Wall Street Journal plans Saturday edition

By Frank Ahrens
Washington Post

The Wall Street Journal plans to launch a Saturday edition a year from now that will enable it to report Friday's financial news the next day and present softer content that the company hopes will attract more advertisers.

The nation's second-largest paper, with a daily circulation of 2.1 million, has struggled to overcome a depression among its two biggest advertisers — technology and financial services firms. It has battled the problem by increasing its ad base, adding feature sections that attract advertisements for luxury items such as Bentleys and resorts.

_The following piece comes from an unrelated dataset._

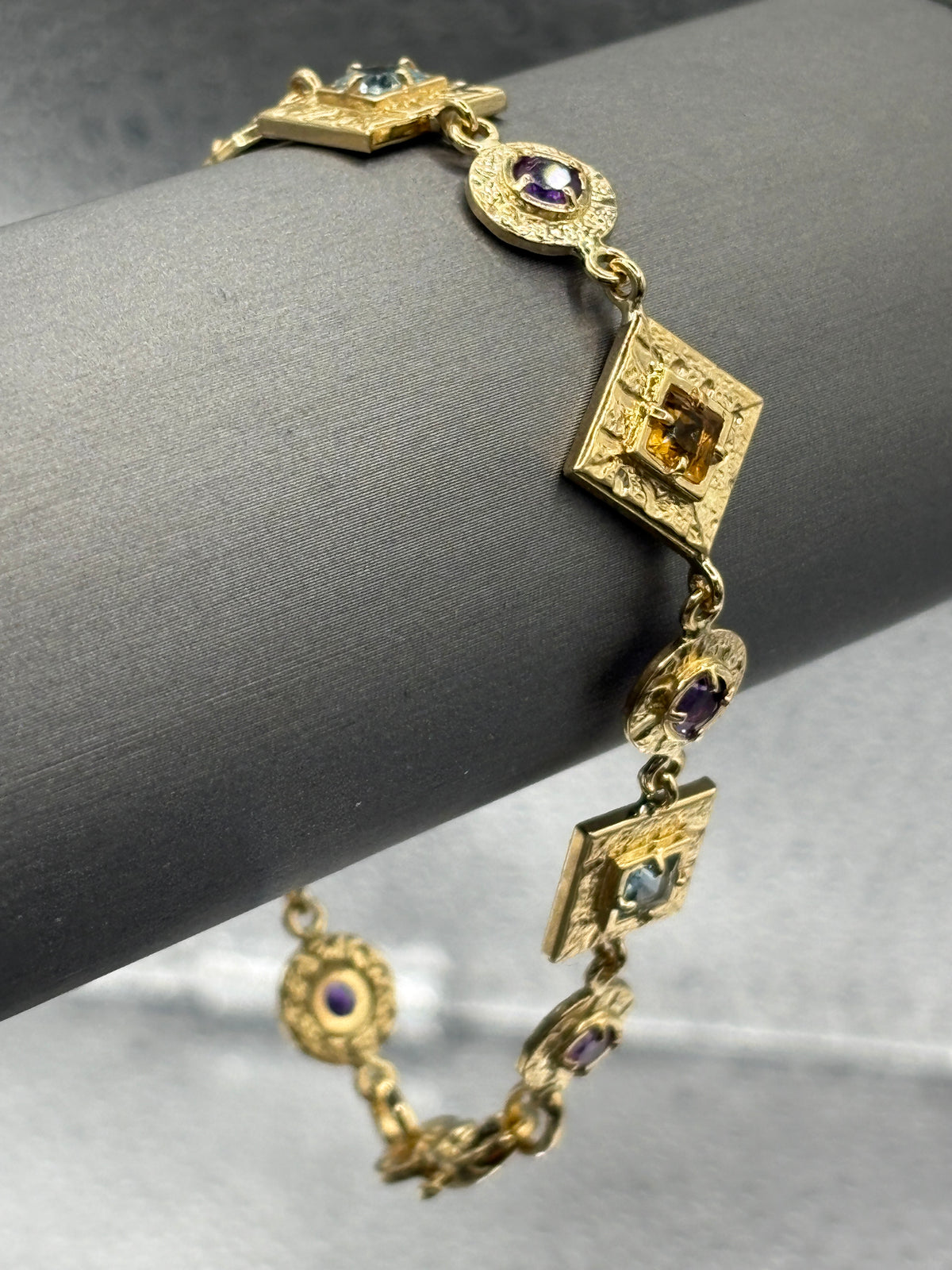 View seven of Ladies 14 Karat YG Geometric Shape Colored Stone Bracelet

In starting the Saturday edition, the Journal faces more prosaic tasks, such as acquiring the home addresses of the 30 percent of its subscribers who take the paper at work.

The Saturday edition, which is to launch on Sept. 10, 2005, will be heavy on the sort of lifestyle coverage the Journal runs in the Weekend Journal and Personal Journal sections added in recent years, the paper said yesterday.

"Friday is a big business news day, and now we don't have to wait until Monday to tell our readers about that news," Journal managing editor Paul Steiger said. "But also there are parts of the Saturday edition that will be a more leisurely read, and there's an advantage to putting that in the hands of the reader on Saturday morning so they can decide when to read it over the weekend."

The Journal plans to add 150 employees to staff the Saturday edition, about half of whom would be responsible for producing stories. The rest would do advertising, marketing and distribution work.

The Journal, owned by Dow Jones & Co., was among the hardest hit of newspapers in 2001. While other newspaper companies, such as the Tribune Co., the New York Times Co. and The Washington Post Co., began rebounding in 2002, the Journal lagged.